Se em muitos casos serve meramente para cristalizar relações de domínio e poder, noutros é tão simplesmente o destilar de experiências seculares, perfeitamente adaptadas a conjunturas (num sentido lato que inclui cultura, história, ambiente natural) especificas.
Isto é gerador de diversidade, coisa que devia ser, de raiz, mais grata à esquerda do que à direita, mas que parece sempre subalternizada à destruição do antigo.

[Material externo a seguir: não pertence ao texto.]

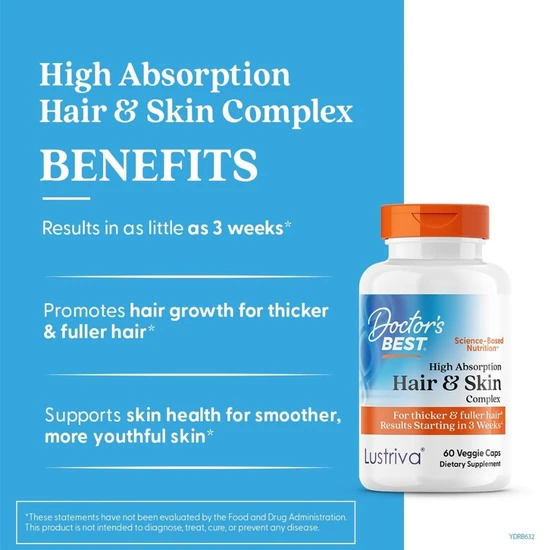 Doctor's Best High Absorption Hair & Skin Complex 60 Capsules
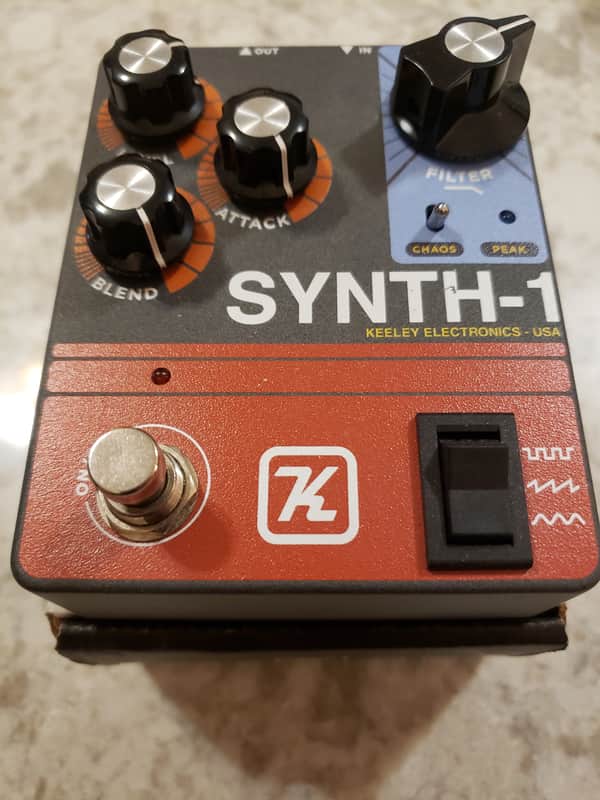 Keeley Synth 1 Reverse Attack Fuzz Wave Generator 2019 - Present - Grey / Red / Blue image 1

Concordo completamente com o post e, infelizmente tenho também de dar razão ao comentário do I. rodrigues. Às vezes a Esquerda parece um animal a quem bateram tantas vezes que agora apenas consegue reagir cegamente. A certos temas ou simples palavras até (como tradição). Em vez de parar para pensar e reagir e afirmar-se proactivamente com uma visão coerente do mundo que pretende. Como já afirmei diversas vezes, o cerne da Esquerda é assegurar que o Poder está distribuído o mais igualmente possível (acho que ninguém contesta tal à Esquerda, a discordância tem muito mais a ver com o modo como obter tal, vide estatismo vs. anarquismo). Não há por isso qualquer dúvida de que a Esquerda deve defender uma agricultura localizada, ambientalmente benigna e socialmente enriquecedora. Algo que está muito mais perto do "modelo" tradicional do que do modelo agro-industrial. Urge realmente que a Esquerda deixe de abdicar de confrontar a Direita em "terrenos" ideológicos considerados habitualmente como pontos fortes da Direita, como a defesa da "tradição" ou a segurança.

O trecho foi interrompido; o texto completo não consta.